I have a measured FRF by impact testing and I have computed the IRF by ifft(). Now I want to compute the inverse IRF. I have read many posts in this forum about inverting FIR filters. As far as I understood, I must check where are my poles and zeros to see if my inverted FIR filter will be causal and stable. My initial idea was just inverting my FRF and computing again the corresponding IRF (inverse) by ifft(). Then, my poles become zeros and vice versa. When I do this I see that the inverse looks non-causal and quite noisy. Therefore, I want to check the zeros and poles. Here comes my first question:

1. How do you compute the zplot in Matlab from an FIR filter coming from a measurement?

My second question:

2. In this thread (https://www.dsprelated.com/showthread/comp.dsp/24411-1.php) I read that the inverted FIR filter might be longer (answer from Patrick Gaydecki). Why?

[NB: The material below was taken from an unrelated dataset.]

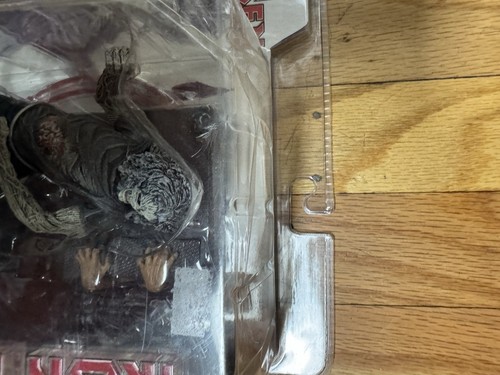 De colección 2002 8” Iron Maiden Eddie Super Stage Figura Estatua Zombie Mcfarlane NUEVO - Imagen 6 de 13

My third question, related to the second question:

3. Somewhere else I read that my inverted FIR might become an IIR. Is that true? And Why? Maybe that's why my inverted FIR becomes "longer".

I know there are other methods to compute the inverse FIR, (e.g. LMS inverse), but I want to try this method first.

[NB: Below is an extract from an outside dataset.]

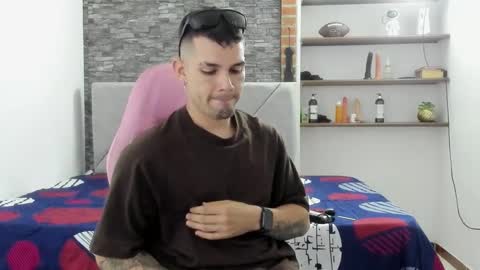 booyhott_ online show from March 14, 7:30 pm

Thank you in advance for your answers :)

Answer 1

When I do this I see that the inverse looks non-causal and quite noisy.

That's very common for a measured frequency responses unless you have very good signal to noise ratio at ALL frequencies including DC and Nyquist, which is rarely the case. If there are areas where $X(f)$ is small, the inverse is very large and that typically amplifies the noise at these frequencies a lot and that dominates the impulse response

How do you compute the zplot in Matlab from an FIR filter

An FIR filter has all poles at $z=0$. The zeros are simply the root of the filter coefficients. Let's look at a simple example, an FIR filter with the taps h = [1 .75 .5 .25];

The zeros are the simply roots of the coefficient polynomial, i.e.

>> h = [1 0.75 .5 0.25];
filZeros = roots(h)
filZeros =
     -0.60583 +          0i
    -0.072085 +    0.63833i
    -0.072085 -    0.63833i

The transfer function is

$$H(z) = \frac{h_0+h_1z^{-1}+h_2z^{-2}+h_3z^{-3}}{1} $$

And the inverse is simply

$$G(z) = H^{-1}(z) = \frac{1}{h_0+h_1z^{-1}+h_2z^{-2}+h_3z^{-3}} $$

This is an IIR filter with only poles (i.e. all the zeros at $z = 0$) a so-called allpole filter. So yes, the inverse of an FIR is an all-pole IIR and will always be "longer".

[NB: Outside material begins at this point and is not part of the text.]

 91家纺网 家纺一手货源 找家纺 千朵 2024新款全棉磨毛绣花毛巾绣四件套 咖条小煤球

This may or may not be stable. If the zeros of the original FIR are all inside the unit circle, than the poles of the inverse will be too and hence the inverse is stable. In this case both filters are minimum phase.

How do you compute the zplot in Matlab from an FIR filter coming from a measurement?

Here is where things get tricky. Unfortunately, calculating the roots of a polynomial is numerically difficult and prone to large errors especially if the order is large and/or there is some noise (as there is on all real world measurement).

There are couple of techniques to try

1. If the system you are measuring isn't minimum phase, add some bulk delay to the inverse to make it causal
2. Try to "repair" the bad SNR spots in the frequency response by interpolation, extrapolation and or suitable smoothing
3. Try least square error solutions in the time domain.
4. Use general purpose IIR fitters in the frequency domain to get an approximation of the inverse with a limited amount of poles.